### WHAT TO WORK ON
The expected output is an exact copy of the lines from the one containing "Profile Picture of" through the final line of the entries below, with no images.

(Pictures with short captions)
——

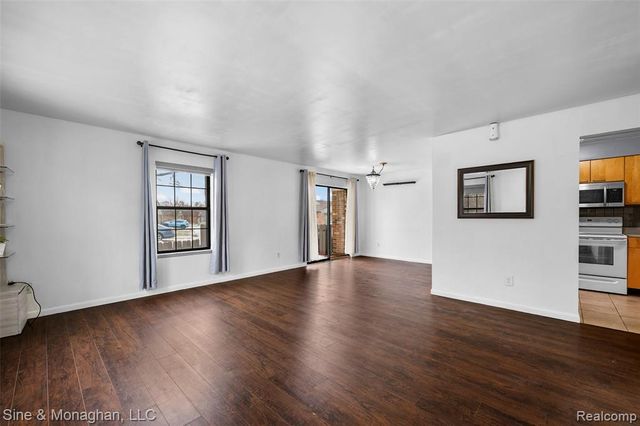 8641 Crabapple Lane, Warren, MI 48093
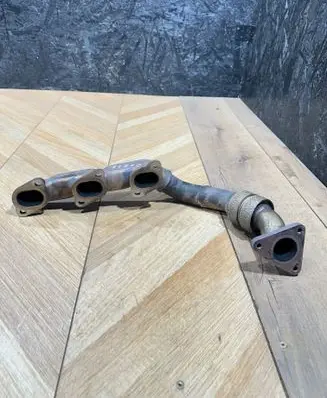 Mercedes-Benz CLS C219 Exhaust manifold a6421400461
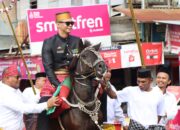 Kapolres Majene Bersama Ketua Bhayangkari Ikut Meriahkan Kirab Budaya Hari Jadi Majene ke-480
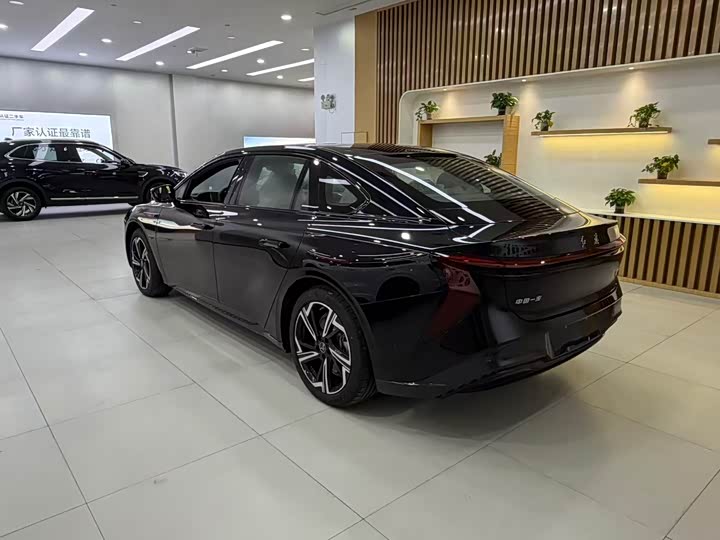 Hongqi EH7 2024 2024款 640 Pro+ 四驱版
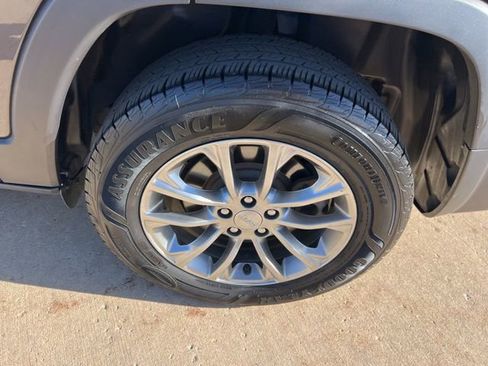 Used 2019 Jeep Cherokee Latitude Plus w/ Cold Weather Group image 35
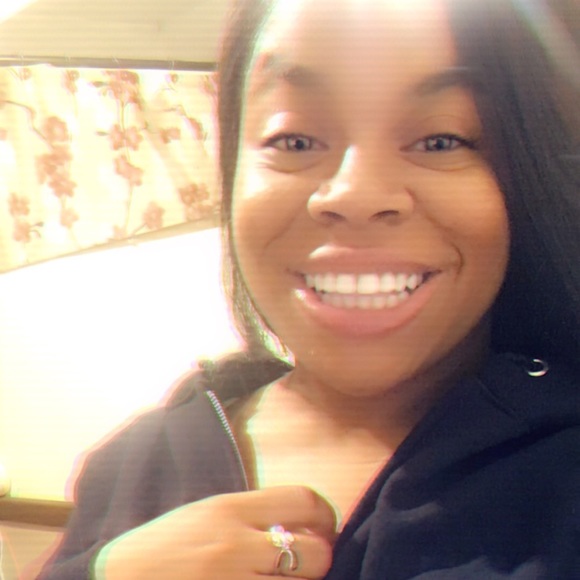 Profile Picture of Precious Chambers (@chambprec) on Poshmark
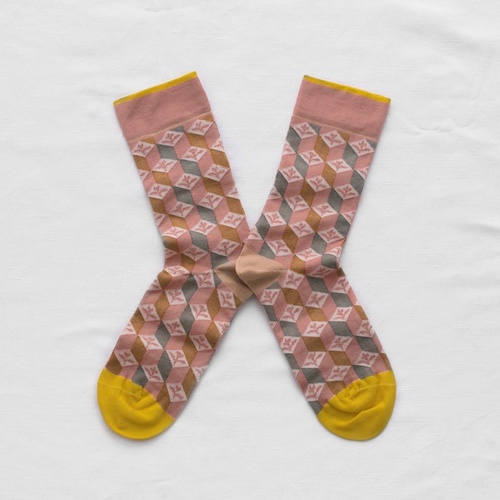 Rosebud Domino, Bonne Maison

——

### OUTPUT
 Profile Picture of Precious Chambers (@chambprec) on Poshmark
 Rosebud Domino, Bonne Maison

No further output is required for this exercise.